Vanjagar Ulagam is an upcoming film that has Guru Somasundaram in the lead. The film is directed by debutant Manoj Beedha, and produced by Labrynth films. The film has cinematography by Rodrigo Del Herrera, and music by Sam CS of Vikram Vedha fame.
Talking exclusively to Behindwoods, the cinematographer answered a lot of questions related to the film and his career.
1) Since you are from a foreign country, how was the process of getting adapted to the regional Tamil flavour? Was language a barrier?
The language barrier was not that hard to come around. As a cinematographer I believe every film develops its own communication tools and visual language is understood all around the world. Not knowing what exactly the dialogues said was in fact a great situation to be in. Since you don't have that aid to communicate you put extra effort to develop other layers to communicate how the scene should make the audience feel. Then it strengthens the cinematography and adds better opportunity for subtext.
2) Vanjagar Ulagam is a gangster film. What was your approach to this film? Was there any inspiration from other classic gangster films?
Gangster films always have an appeal for cinematographers. There is room for everything, their personality is so broad that you can reflect that in the visual style of the movie. We developed a dark mood that fitted some scenes and also we played with some color associative tools. We watched lots of Scorsese movies during preparation just to get us on the mood and analyze what great filmmakers have done on the genre. Then we developed our own style and tried to approach the story in a unique way.
3) You've worked on a lot of short films. How different was the experience to work on a feature?
It was not so different. In fact, it gave me more freedom to develop narrative tools that take time to establish. I have worked on other features and its always a different journey. It depends on the script and the director and the ambitions of the project, but I believe my work is exactly the same. I still have to connect with the story and understand the scenes and develop with the director a visual style that would fit the movie, or scene you are focusing at the moment. Every day on set, be it a feature length film, short film, or 30 second commercial, the work and effort put day to day is the same. We work to craft visual content, and to try to provoke an emotion with it.

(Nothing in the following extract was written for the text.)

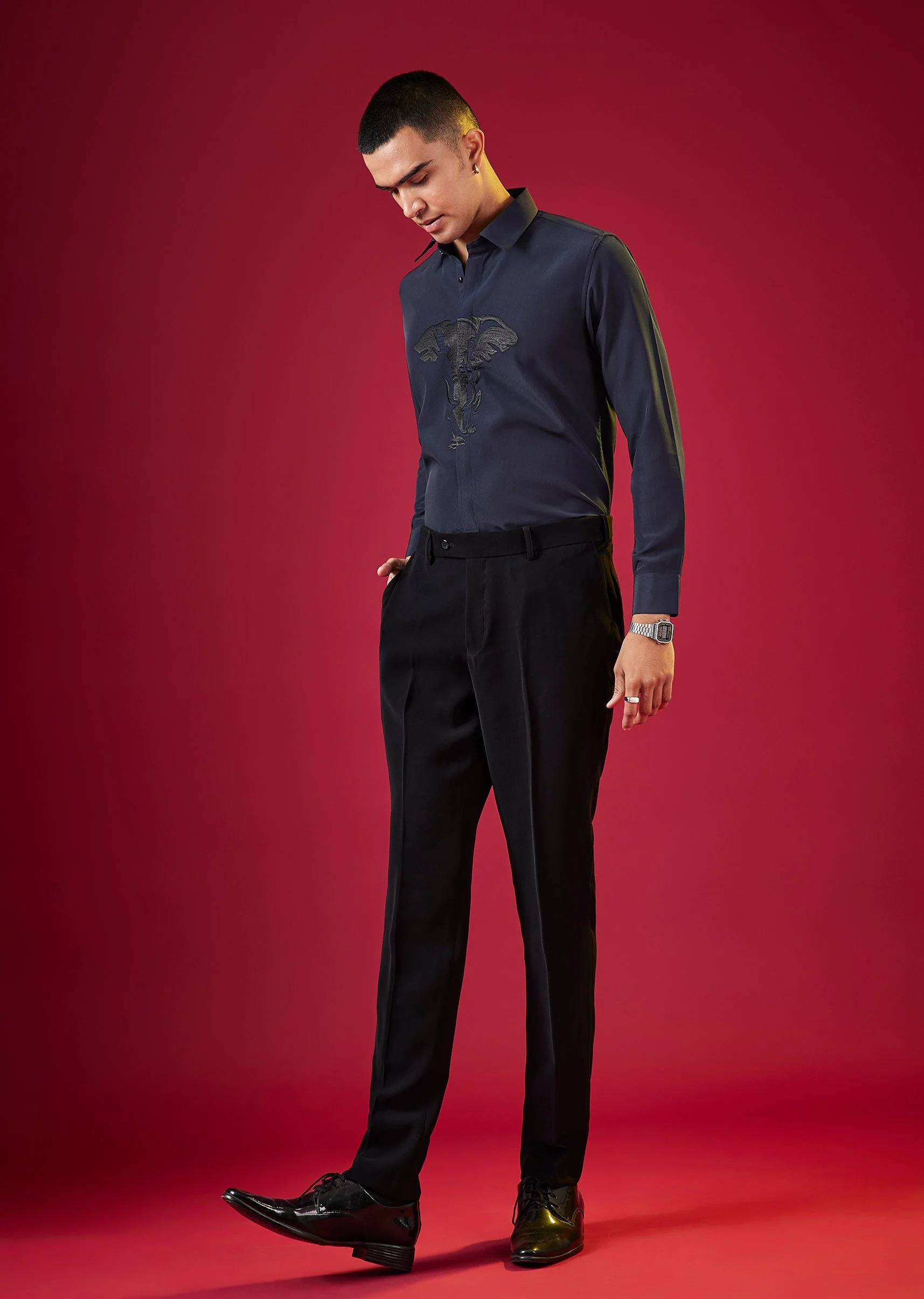 7854-navy-blue-viscose-thread-resham-embroidered-mens-shirt-1.webp Navy Blue Viscose Thread Resham Embroidered Mens Shirt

4) How was the experience of working with Manoj Beedha - the director, and what impressed you the most?
Working with Manoj has been a fun journey. I know Manoj for quite some years now, and we had collaborated together in New York for a short film and we found that there was a creative connection. The advantage of working with him is that I knew we would have great communication and our taste in visuals is definitely a good match. His passion to make a good movie really motivated me throughout the shoot, he never thought of the movie as a very commercial one even though it might appeal to a broad public. His intention was always to craft his vision, and bring life to the script and characters, to finally make a movie of his own liking.
He also added that, "Creative desitions were always put first, Manoj had a great trust in me and the moment I brought up the idea of shooting the movie with anamorphic lenses he was on board all the way. There was a discussion with the production team regarding the expenses. That kind of creative decision would imply and after a week of back and forth talks, Manoj interceded and the decision was made. We shoot mostly on the Arri Master Anamorphics. But to my surprise they were so hard to get here in Chennai, and we had to get them brought from Mumbai for the shoot. Some specific sequences were also shot with Hawk V-lite anamorphic glass.
5) Can we expect to see you in more Tamil films?
I hope so. I fell in love with the Tamil film industry and I would like to know more interesting and talented directors who want to create quality content and great stories. As of now my intention is to work in more Tamil films and other Indian films from regions I have not explored. I've worked in several countries and collaborated with directors from all around the world and my intention is to continue the same.
6) What are your upcoming projects?
I have a few feature films in talks right now. A musical drama that I have been working with a Mexican director friend of mine might be fully funded in 2019. A comedy feature, which a Dominican upcoming director wrote and wants me to shoot with her. And finally a documentary series I am co-producing and shooting with another talented director friend of mine.
(End of Interview)
Vanjagar Ulagam is a gangster film that is releasing on August 7. The movie focusses on the psychology of a gangster and is one of the most anticipated films in recent times.